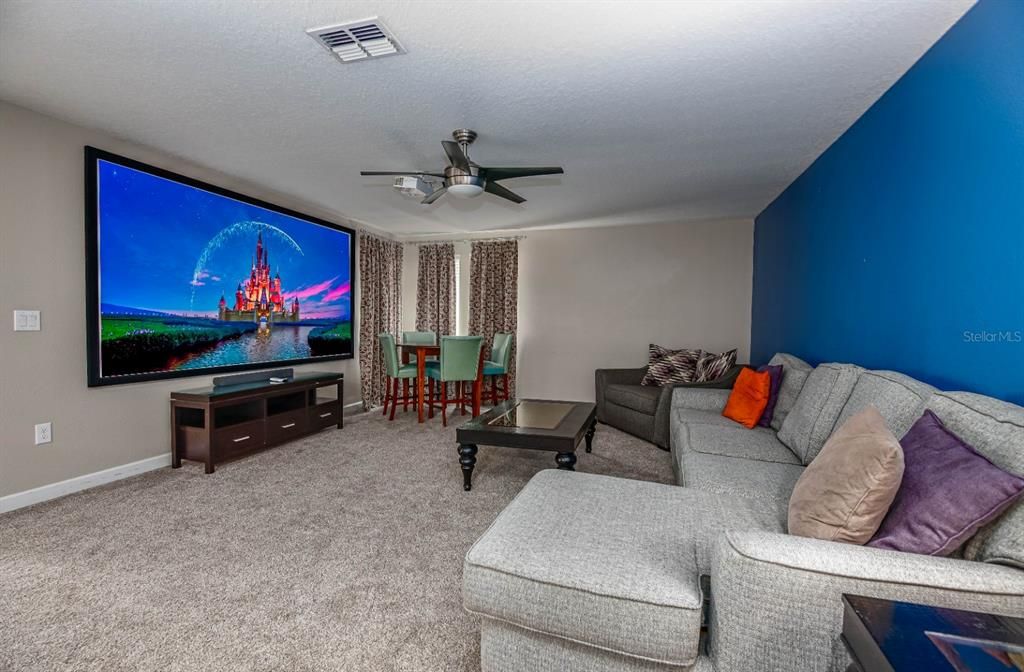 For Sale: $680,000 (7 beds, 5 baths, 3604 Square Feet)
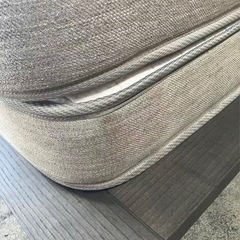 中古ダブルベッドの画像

* * *

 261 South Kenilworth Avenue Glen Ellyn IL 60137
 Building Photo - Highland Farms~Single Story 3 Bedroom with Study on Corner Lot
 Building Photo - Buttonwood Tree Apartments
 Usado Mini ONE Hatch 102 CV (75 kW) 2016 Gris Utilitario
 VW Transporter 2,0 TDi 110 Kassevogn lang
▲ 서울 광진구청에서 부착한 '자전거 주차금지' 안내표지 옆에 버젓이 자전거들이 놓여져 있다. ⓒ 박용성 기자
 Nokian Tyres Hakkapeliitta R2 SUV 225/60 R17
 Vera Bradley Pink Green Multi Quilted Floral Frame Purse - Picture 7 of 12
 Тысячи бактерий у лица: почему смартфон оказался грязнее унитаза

* * *

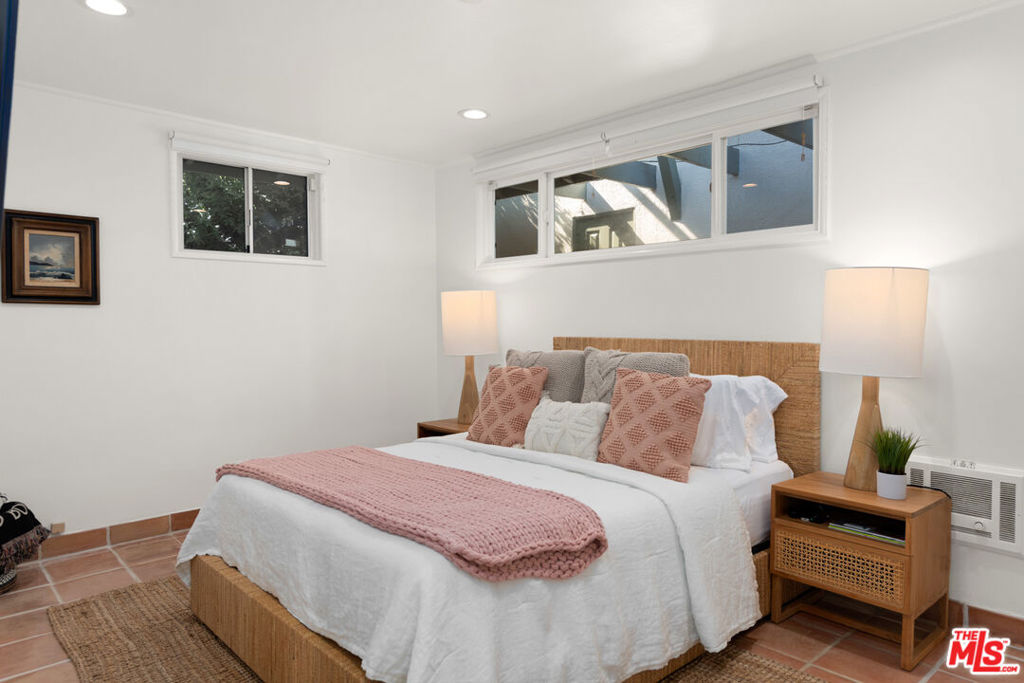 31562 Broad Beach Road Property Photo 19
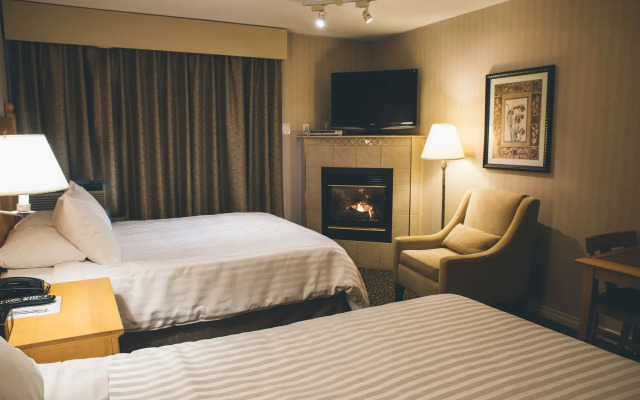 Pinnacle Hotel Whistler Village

_Task directions_: All that should appear in the answer is the lines above from the line with "For Sale: $680,000" through the line with "中古ダブルベッドの画像", retyped exactly, pictures left out.

_Output for this task_:
 For Sale: $680,000 (7 beds, 5 baths, 3604 Square Feet)
 中古ダブルベッドの画像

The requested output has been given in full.